Alexandria Ocasio-Cortez in "Knock Down The House" (Courtesy Netflix)
Alexandria Ocasio-Cortez in "Knock Down The House" (Courtesy Netflix)

There’s a delicious moment about two-thirds of the way through “Knock Down the House” — Rachel Lears’ irresistible documentary about upstart progressive primary challengers during the 2018 midterm elections — when Democratic party golden boy and heir apparent to Nancy Pelosi’s speaker of the House seat Joe Crowley finally realizes how much trouble he’s in.

After callously blowing off a first debate, sending a surrogate who can barely speak on his behalf, Crowley has at long last deigned to sit down with his opponent, some 28-year-old waitress from the Bronx he can’t even pretend to take seriously. The condescending politico offhandedly lobs a dirty, guilt-by-association insinuation disguised as a question. It’s the kind of cheap zinger that would tie most lightweights up into knots, but the opposite happens here.

Before long Alexandria Ocasio-Cortez is standing up, shredding the false premises of his so-called question and bringing the audience to their feet. A chastened Crowley looks down at the ground and anxiously, hilariously, begins rolling up his sleeves.
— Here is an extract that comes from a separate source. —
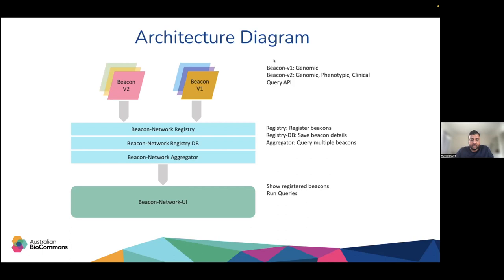You can query beacons individually using the Beacon API, or you can query a collection of beacons collectively using a beacon network. Beacons themselves are effective, but made significantly more effective with the introduction of a beacon network. To build a beacon network, you need to run three microservices: a database microservice, which is a Postgres database that saves details on all registered beacons; a registry microservice to register beacons and track which beacons are participating; and third, the brain of the network — it sends out the query to all beacons in the network, gathers the data back, and aggregates the results into a single response object.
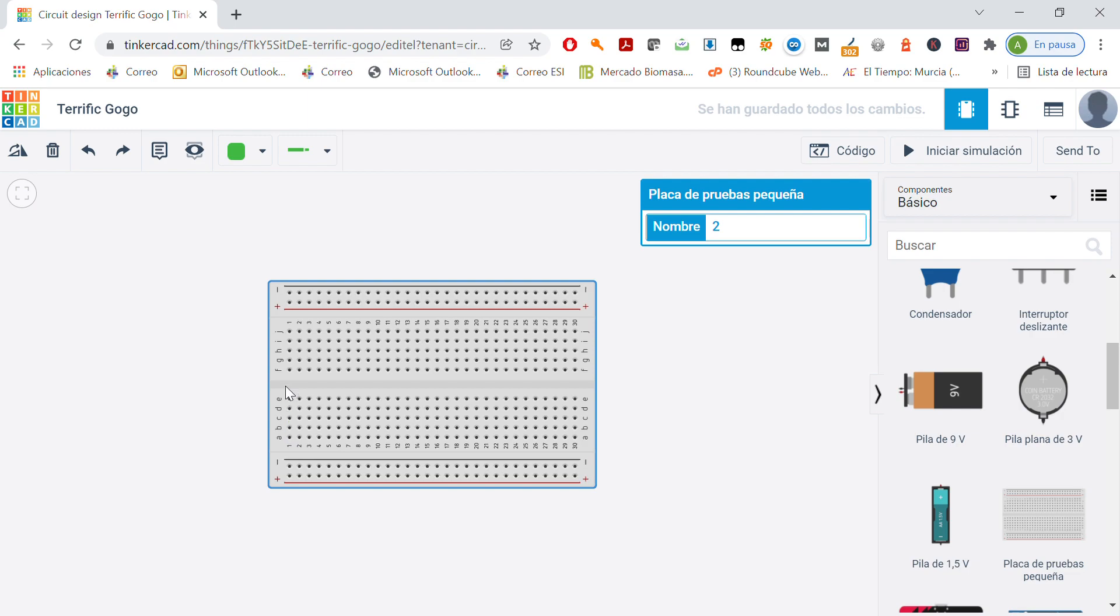So if we want to join this part with this part, we may use a wire between, for example, this point and this point. Okay? So this is how the protoboard works.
“Knock Down the House” follows Ocasio-Cortez and three other working women who challenged entrenched Democratic incumbents during the electoral sea change of 2018. It’s an inspirational portrait for anyone who believes a representative democracy should reflect its community and that politics isn’t just the province of wealthy old white guys. With the help of the Brand New Congress political action committee, these insurgent campaigns sought to upend decades of received wisdom and in one case resulted in a left-field victory that makes the film feel like a superhero origin story.
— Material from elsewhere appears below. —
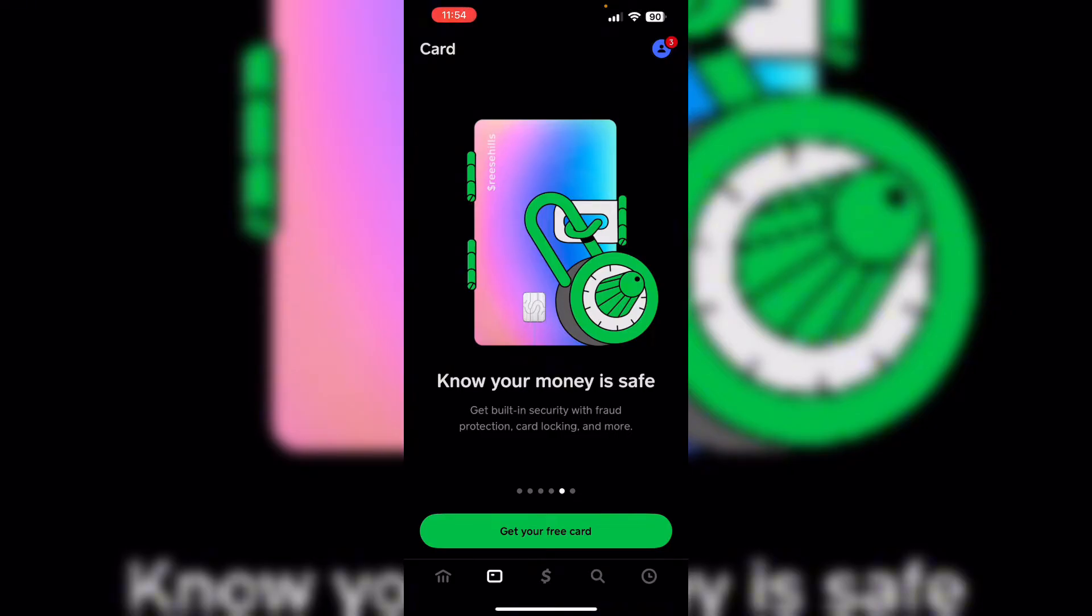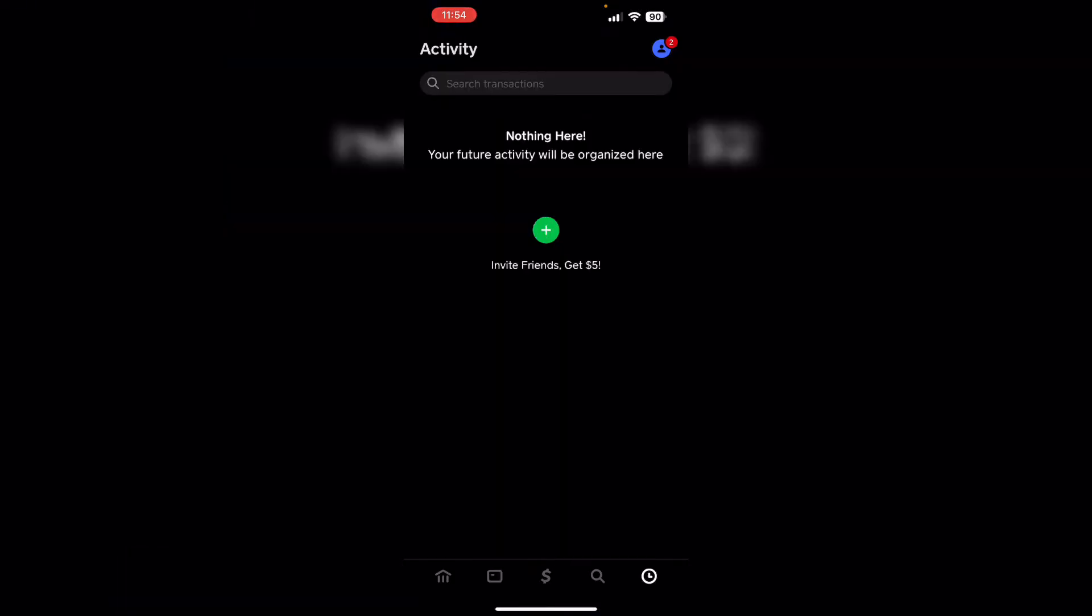Then update the app. Make sure your Cash App is updated to the latest version. Running on an outdated version might cause this issue.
Alexandria Ocasio-Cortez in "Knock Down The House." (Courtesy Netflix)
Alexandria Ocasio-Cortez in "Knock Down The House." (Courtesy Netflix)

No offense to candidates Amy Vilela, Cori Bush or Paula Jean Swearengin, but from before it even unspooled at Sundance “Knock Down the House” was already known as “the AOC movie.” These filmmakers had the good fortune to start following the nascent superstar before her name was even on the ballot, with apparently unfettered access to every step in the ascension of a public servant with the kind of charisma that comes around maybe once in a generation. Compelling as the other stories may be, you kinda can’t help but spend them waiting for Ocasio-Cortez to come back onscreen.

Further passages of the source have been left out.